I have been daring myself to pull the trigger on one of those. My birthday is coming up and my dawg knows how to order off the internet. I think I need to let him know what I want.

Thanks for posting


----------



## splintergroup (Jan 20, 2015)

You can't beat the price of simple engineering squares for accuracy (esp. the PEC "seconds" on Ebay). You can also get a set of three for next to nothing and get something that is dead accurate or very close.

The WPs have a slew of built in features that can be extremely useful however and I certainly would not complain if I had a few to use 8^)
My only problem is they sure be purdy and I tend to protect and rarely use items of this caliber.

Heck Petey, you deserve it!. Tell Fido to go fetch!


----------



## pintodeluxe (Sep 12, 2010)

Buy once and cry once I guess.

I certainly use mine. I was making a huge new crosscut sled this weekend and the 2616 was just the ticket.

Best


----------



## RCCinNC (Jul 4, 2017)

Absolutely essential for some of us particularly retentive woodworkers. I have multiple squares, but am confident of none of them when it absolutely positively really matters…the reason of course being…rough handling in a cluttered shop.
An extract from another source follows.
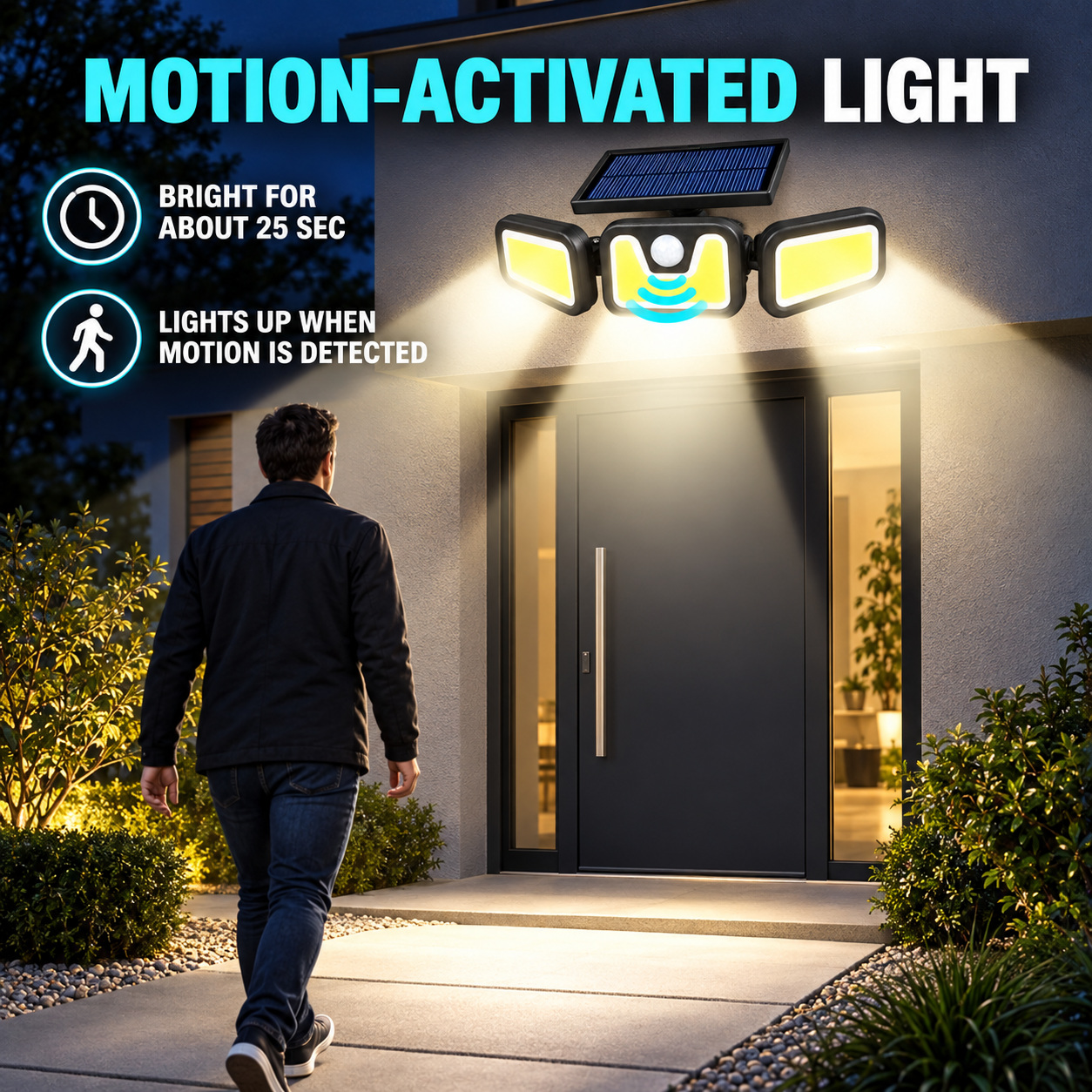 Solar Powered Rechargeable Motion Sensor Waterproof LED Work Light For Auto Repair W771B COB Street photo 3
Since my proclivity for knocking things off the workbench is likely to stay unchanged, I suspect I'll pass…if only to save myself the agony of damaging perfection. ; )

Thanks for the review though!


----------



## CaptainKlutz (Apr 23, 2014)

So many questions:

Why are the nuts dead?

Did you kill the nuts with square?

Why use nuts on a precision square?

FWIW - If you have hopes of being a father in future, it is easier with live nuts.

Cheers…..


----------